Okay... now here's the story: For my extended exploration in New Zealand, I have rented a Toyota Corolla. It's not much of a car but it was relatively cheap, especially after the great deal I got from the manager of the Thrifty office in Dunedin whose dog I happily made a big fuss over. (It pays to be a dog-person!) I picked the car up this morning and headed south -- more or less along the coast -- on the "Southern Scenic Route" between Dunedin and Invercargill. Because I did so much driving "on the left" in Scotland and northern England last summer, I was quite comfortable with that aspect of the experience. Because all of the road signs are in English and the signals are all pretty normal, I was feeling quite at ease. Along the way, however, I became mindful that driving in New Zealand can be tricky and even dangerous.
For one thing, the roads are pretty narrow, even the main highways which are only one lane in each direction with occasional passing lanes. For another, there are a lot of big trucks that create such a big wind effect when passing that a dinky car like mine gets a pretty good shove toward the shoulder. Add in high gusting winds that roll off the sea, steep and winding hills, the distraction of beautiful scenery, etc., and you can easily find yourself in trouble pretty quickly.
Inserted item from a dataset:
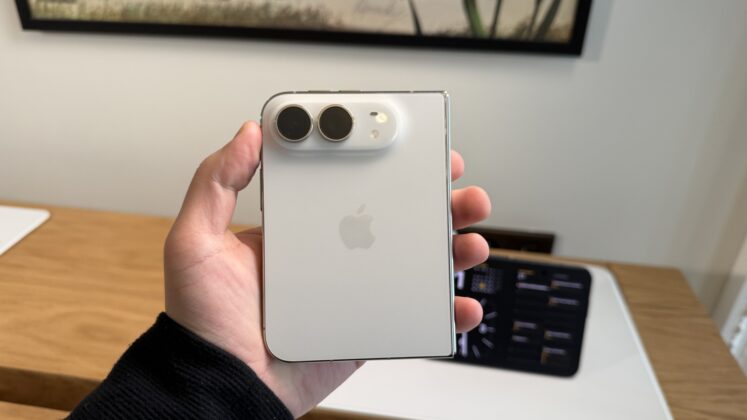 Apple iPhone Duo: első benyomások az Apple hajlítható telefonjáról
At one point the road changed from asphalt to gravel and I had limited traction to add to the equation. Driving along a riverbed between steep hills which created poor visibility around curves, I slowed myself way down and thought, "Wow... This could really be dicey for someone not accustomed to driving on the left, in an unfamiliar vehicle. Especially some of those folks who are driving RVs."
No sooner had that thought made its way through my brain than I came around a corner and saw the sight in the first photo above. It had obviously happened just minutes before because I was only the second car on the scene. I hopped out and found the first passer-by talking to the people involved, quickly finding out that there were many bumps, bruises and small cuts but no major injuries. The fire/rescue truck arrived a few minutes later and the professional took control of the scene.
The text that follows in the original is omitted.